Kanal kanal koşturanlar, köşe köşe dizilip köşe kapmaca oynayanlar, buldukları postu vicdanlarına kalkan yapanlar, güneşi balçıkla sıvamayı asli görev bilenler, tarihin kara sayfalarında yerleri şimdiden ayrılmış olanlar, ülkenin geçmişi ile hesapları olanlar, mütareke basınından arta kalanlar, onlarında önünde yer alma yarışına girenler, mahkemeleri, kendilerine mülk edinmek için kadılığa soyunanlar, yağma hasanın böreğinden pay kapmak için akbabalar gibi tepede, süzüm süzüm süzülenler, Geçmişin faşizminden, hesap sormak dümeniyle duyguları istismardan çekinmeyenler, gittikleri heryerde, sahte gözyaşları ile tarihi bile istismar edip, keyiflerince çadır kuranlar, yandaşlar, paydaşlar, liboşlar... ve bilcümle çanakçılar, yıkama, yağlama ve yalamacılar.. has elemanlar olarak koroda almışlar yerlerini!..

Çığlık çığlığa yek avaz!... ö z g ü r l ü k!... v e s a y e t!... s t a t ü k o!...

Dillerden düşürülmeyen, o yoluna kurbanlar olunası terim, ö z g ü r l ü k ; Atatürkün, “karakterimdir” dediği ö z g ü r l ü k... Hür olma, başkasının kulu kölesi olmama anlamındaki özgürlük!.. küçüldü, küçüldü... de ne hallere düştü!..

Biada tabi olmama da vardı bu kavramının içinde... Zorlama ve dayatma nereden gelirse gelsin, bireysel hür iradenin ve aklın komutu dışındaki emirlerle hareket etmemekte!...

Hepsi unutuldu!.. Aslında unutulmadı, çarpıtıldı!.. Ey siyaset sen ne kirlisin!..

Ey özgürlük!.. Sen utanma!.. Zorla ırzına geçilen kirlenmiş olmaz!.. Senin safiyetin adında, gerçek anlamında gizli!.Ülke çapında büyüdüğünde senin adın tam bağımsızlık!.

Elbette; özgürlük haktır!.. insanlık hakkıdır, özgürlüklerin çiğnenmesi ise insanlık suçudur!.. Özgürlükleri kısıtlayan, yok sayan rejimlerin adı da faşizmdir.

Her ne kadar, özgürlük kavramı özünde bireyselliği ifade etse de, toplumsal yönünün de gözardı edilemiyeceği kesindir.. Haklar gibi özgürlükler de sınırlıdır.
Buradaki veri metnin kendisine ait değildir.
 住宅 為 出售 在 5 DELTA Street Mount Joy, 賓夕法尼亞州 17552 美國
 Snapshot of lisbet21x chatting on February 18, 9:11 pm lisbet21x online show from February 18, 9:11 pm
Hakların da, özgürlüklerin de sınırlarını toplumsal yasalar koyar. Her sistem, her rejim, kendisini ve diğer toplum bireylerini koruma adına yapar bu sınırlandırmayı..

Yasal sınırlamalara rağmen, yasaların arkasından dolanıp, ucuz kahramanlık puanları toplamaya çalışanlar, er-geç bu yasa tanımazlığın hesabını vermelidirler!..
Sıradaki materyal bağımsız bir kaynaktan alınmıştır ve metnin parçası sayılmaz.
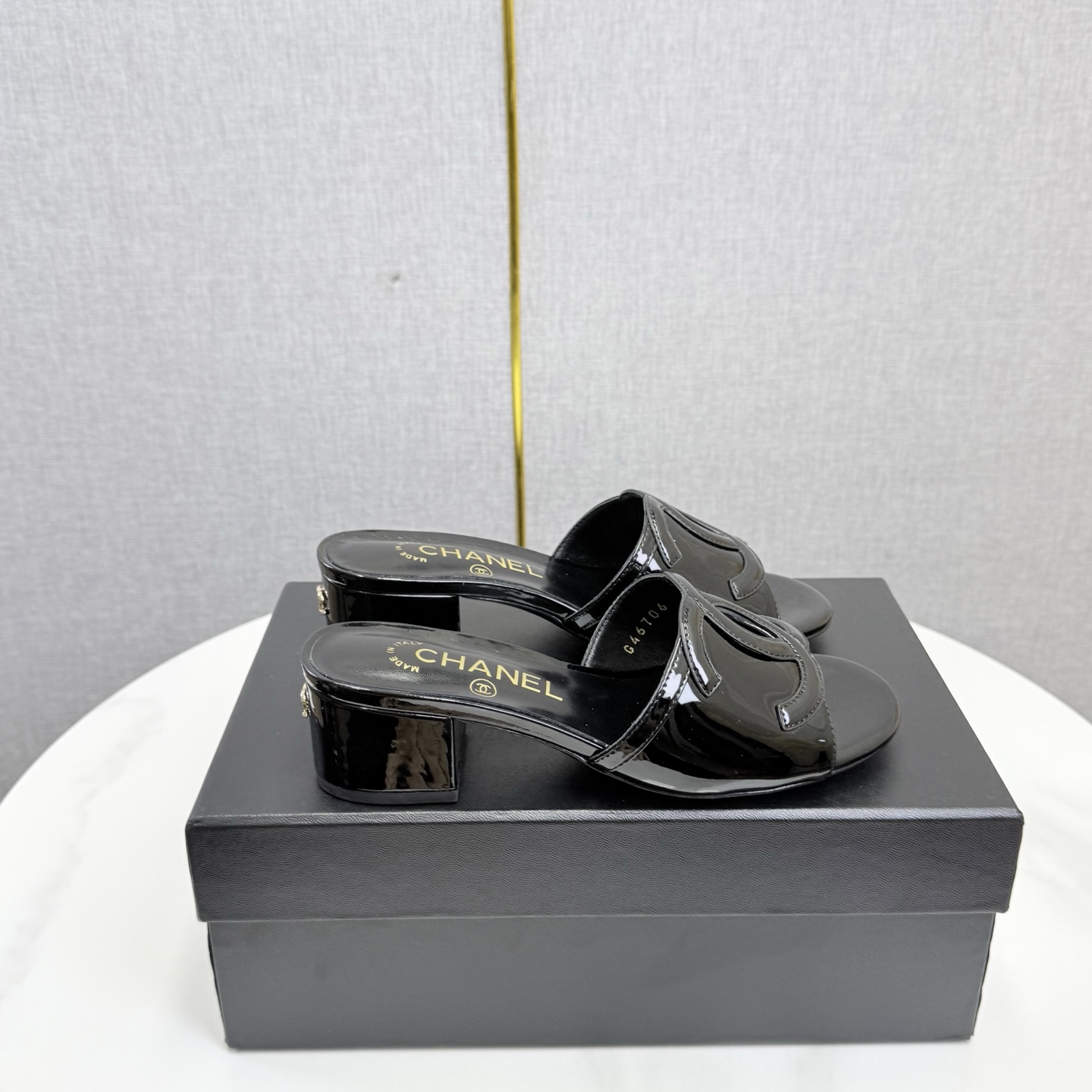 Chan New Patent leather slippers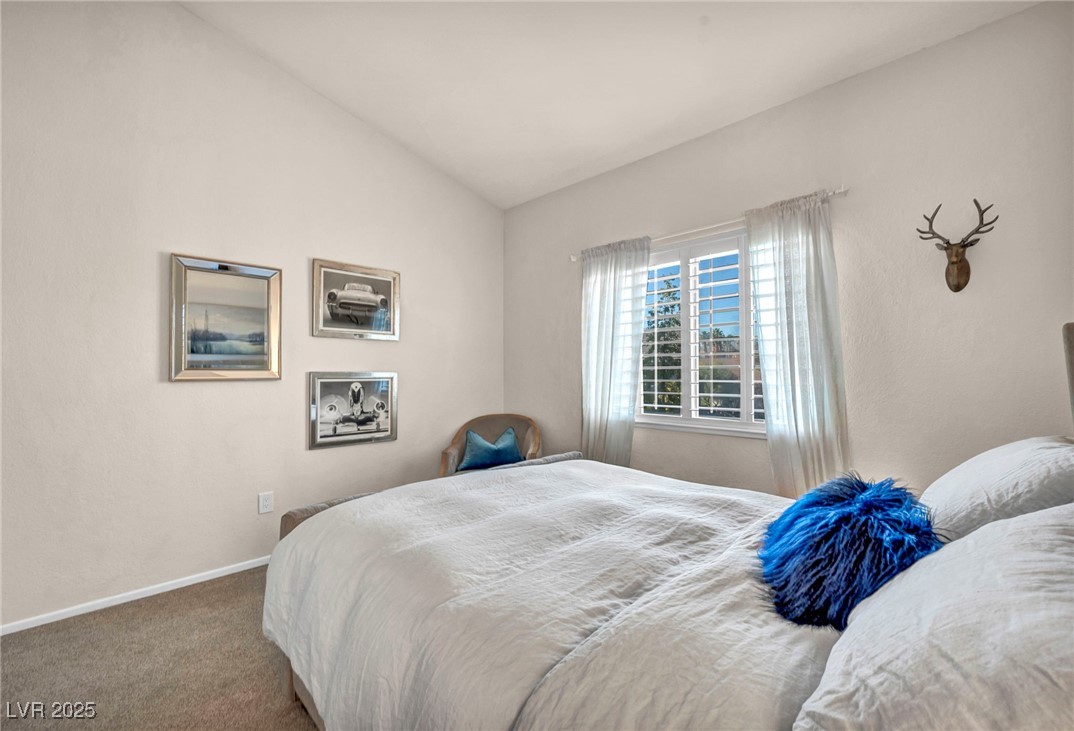 3225 Shoreline Drive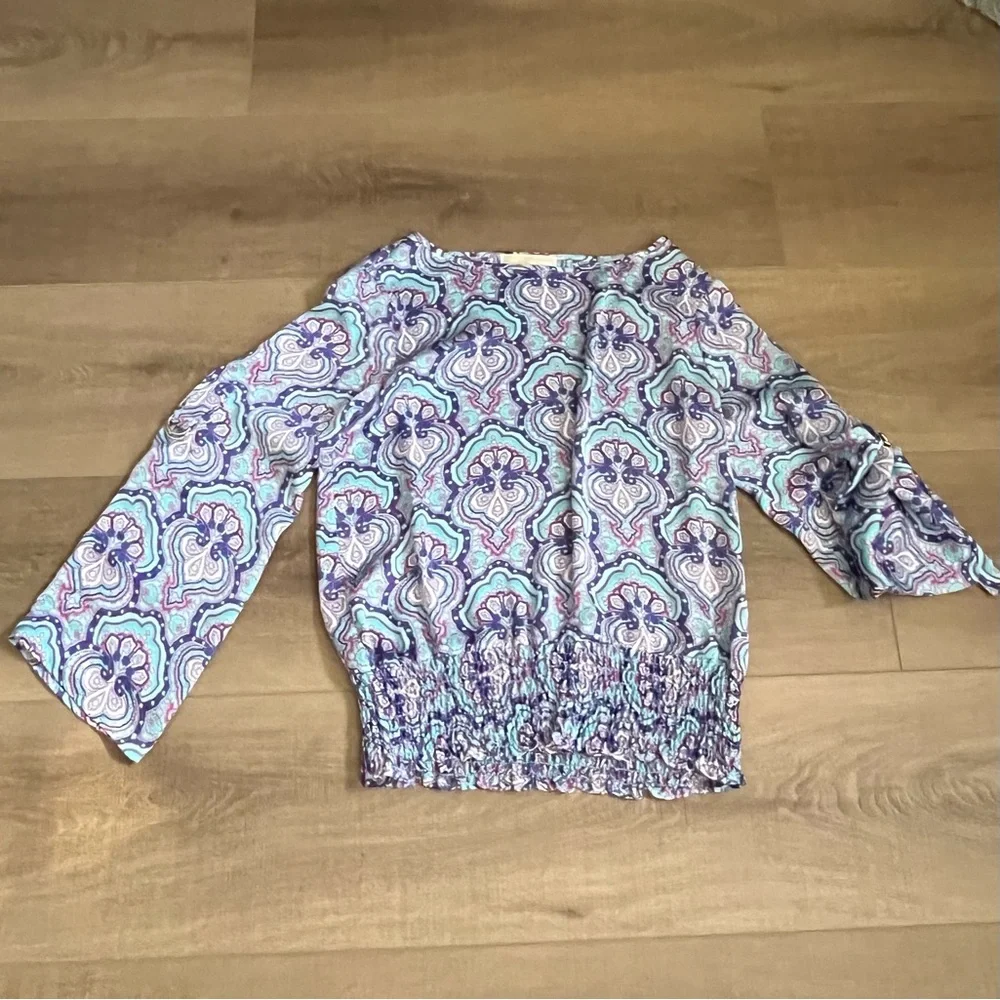Michael Kors Blouse M/L Blue Multi Pattern RollTab Sleeve Elastic Gathered Waist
Tarih, bunun acı örnekleriyle doludur. İbret bunun için vardır!. Kurallarını toplum koyar, kişiler uyar!.. ‘Uymak’la, ‘biad etmek’ arasındaki en önemli fark da budur işte.
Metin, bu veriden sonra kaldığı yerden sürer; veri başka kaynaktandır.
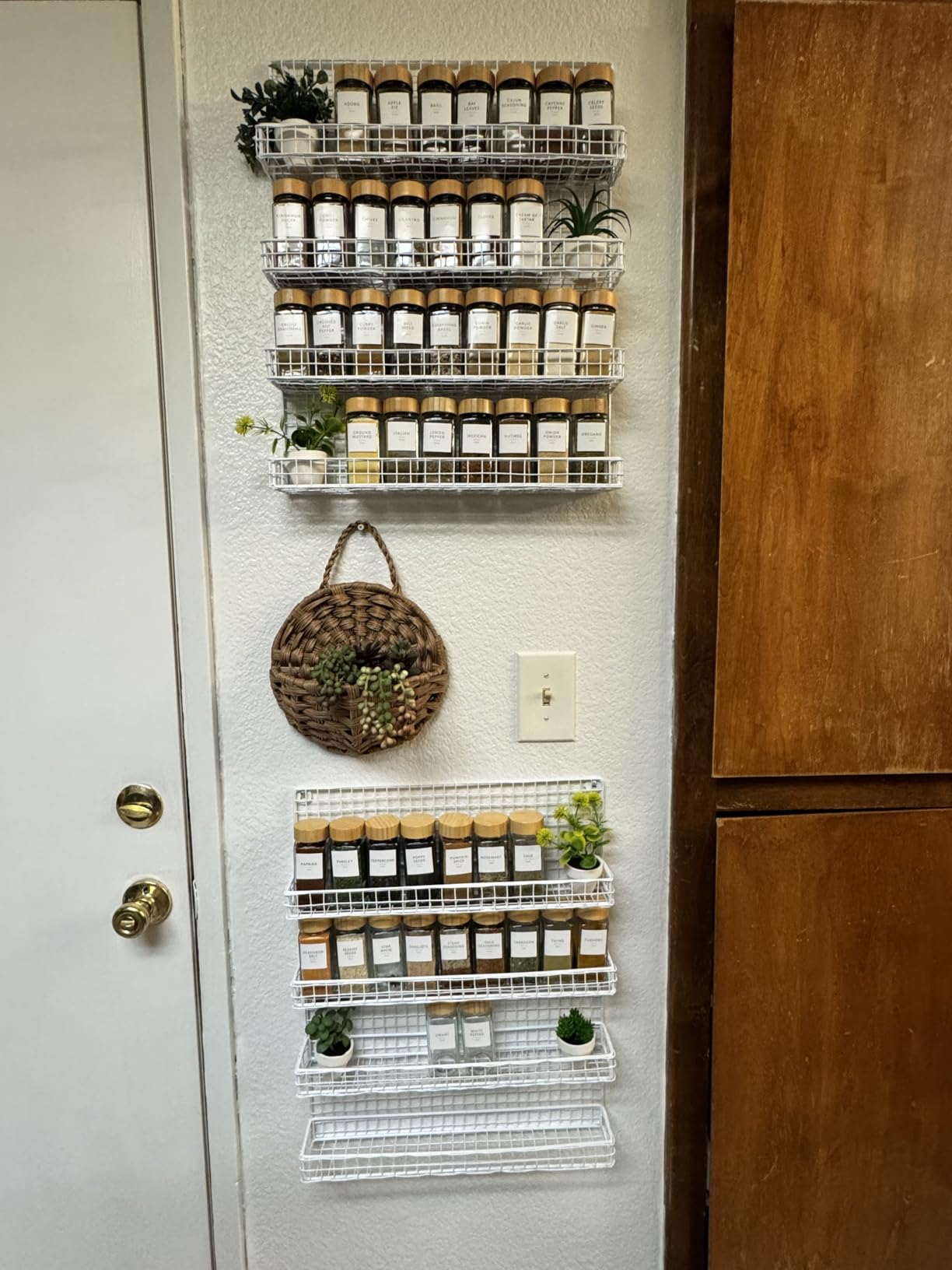 SAVVY & SORTED Glass Spice Jars with Label, 24PK Bamboo Jar Spices Set 4oz, 374 Spice Labels, Pepper Grinder, Empty Herb Seasoning Containers customer photo 1
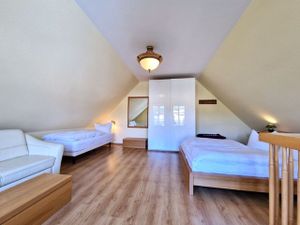 17987238-Ferienwohnung-4-Ahlbeck-300x225-5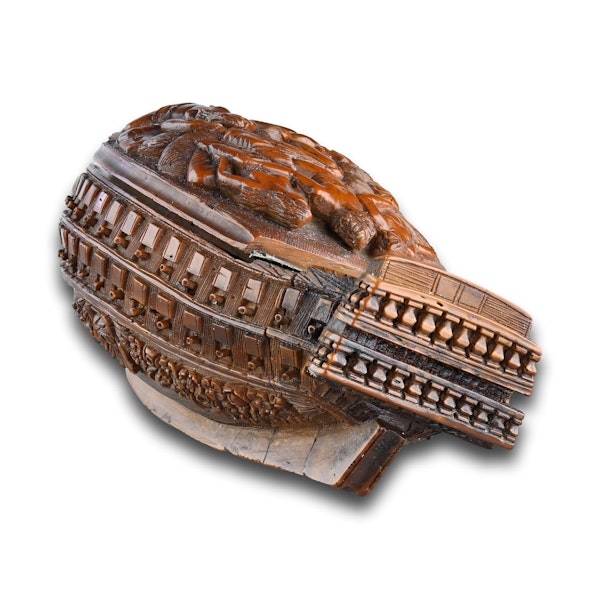 Coquilla ship form snuff box. French, early 19th century. - image 2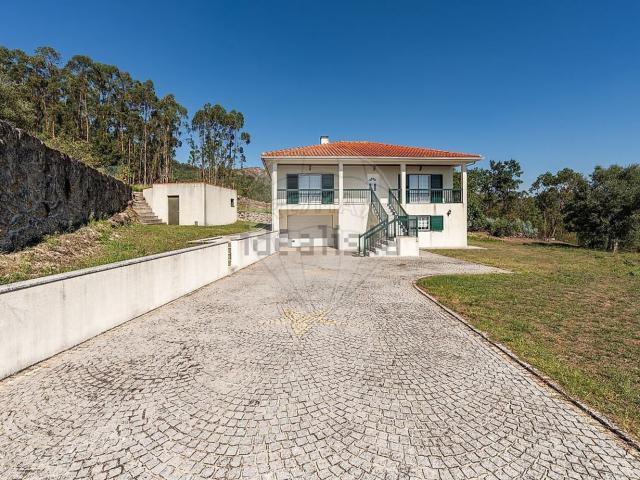 Moradia, Travassos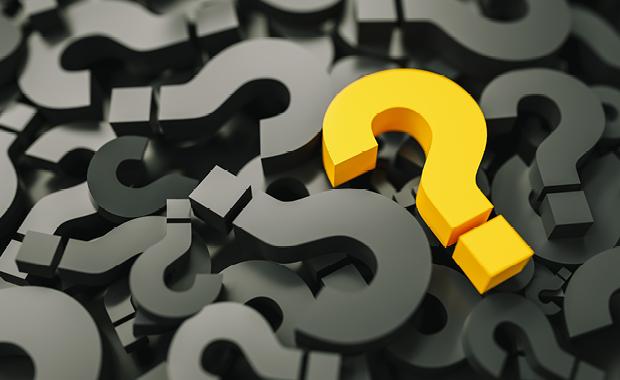 Pila de signos de interrogación negros con un signo de interrogación amarillo al frente y al centro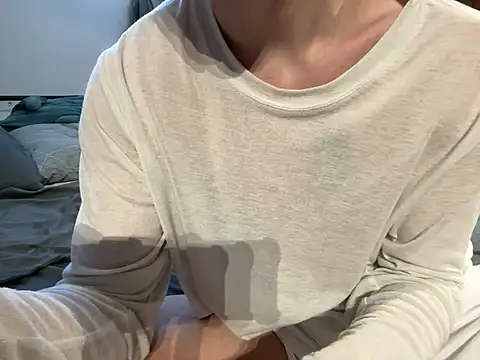 Julian wins online show from 02/25/25, 02:47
Kavramı çarpıtarak, ülkenin laik sistemine, ulusal bütünlüğüne ve devleti devlet yapan temel kurumlarına saldırmayı, özgürlük saymak gafletin ötesinde ahlaksızlıktır, sapkınlıktır!.

Hele, “özgürlürleşme” yalanıyla özgürlükleri, saltanat heveslisi cemaat cellatlarına teslim etmek, sapkınlığın da ötesinde hainliktir!..

V e s a y e t kavramına gelince;aklını kullanamayan, veya kullanamadığı varsayılan birinin karar vermesini engelleyip, onun yerine karar vermektir vesayet. Vesayet öncelikle iradeyi ortadan kaldırır. İradenin olmadığı yerde, vesayetin kullanımı, insafa terkedilmiş demektir!.. İşte tam da bu noktada, başta siyaset olmak üzere istismara açıktır vesayetin kullanımı!.. Başta, emir komuta gereği inip kalkan pamaklar neyin ve kimin vesayeti altında olduklarının bilincine varmadan ve bundan kurtulmadan halkın ve hür iradenin temsilcisi olduklarına kimseyi inandıramazlar!.. Önce vesayetin gerçek anlamını öğrenmeleri şarttır!..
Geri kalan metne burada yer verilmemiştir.